Typesense is a fast, typo-tolerant search engine written in C++.


Setup



# docker-compose.yml

version: '3'

services:

  typesense:

    image: typesense/typesense:27.0

    ports:

      - "8108:8108"

    environment:

      TYPESENSE_API_KEY: "xyz"

      TYPESENSE_DATA_DIR: /data

    volumes:

      - ./typesense-data:/data


Indexing and Search



import typesense



client = typesense.Client({

    'nodes': [{'host': 'localhost', 'port': '8108', 'protocol': 'http'}],

    'api_key': 'xyz',

})



# Create collection (schema)

client.collections.create({

    'name': 'articles',

    'fields': [

        {'name': 'title', 'type': 'string'},

        {'name': 'content', 'type': 'string'},

        {'name': 'tags', 'type': 'string[]', 'facet': True},

        {'name': 'views', 'type': 'int32'},

        {'name': 'published_at', 'type': 'int64'},

    ],

    'default_sorting_field': 'views'

})



# Index documents

client.collections['articles'].documents.create({

    'id': '1',

    'title': 'Database Indexing Strategies',

    'content': 'A comprehensive guide...',

    'tags': ['database', 'performance'],

    'views': 1200,

    'published_at': 1715385600

})



# Search

results = client.collections['articles'].documents.search({

    'q': 'database indexing',

    'query_by': 'title,content',

    'filter_by': 'views:>100',

    'sort_by': 'views:desc',

    'facet_by': 'tags',

    'per_page': 20

})


When to Use Which


| Scenario | Recommended |

|----------|-------------|

| Complex analytics with search | Elasticsearch |

| Simple, fast search out of the box | Meilisearch |

| Low-latency search on limited hardware | Typesense |

| Log analysis and observability | Elasticsearch (ELK stack) |

| E-commerce product search | Meilisearch or Typesense |

| Geo-search and aggregations | Elasticsearch |

| Typo-tolerant search for user-facing features | Meilisearch |

| Large-scale (100M+ documents) | Elasticsearch |


Summary


Full-text search engines are essential for applications that need more than simple SQL LIKE queries.
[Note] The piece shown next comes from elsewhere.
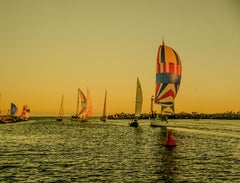 Boats Sailing At Sunset, Santa Cruz - Color Photograph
Elasticsearch offers the most features and scalability at the cost of operational complexity. Meilisearch provides the best developer experience with instant typo tolerance and sensible defaults. Typesense offers excellent performance with minimal resource usage. Choose based on your scale, feature requirements, and operational capacity: start with Meilisearch or Typesense for typical web applications and move to Elasticsearch when you need advanced analytics or larger scale.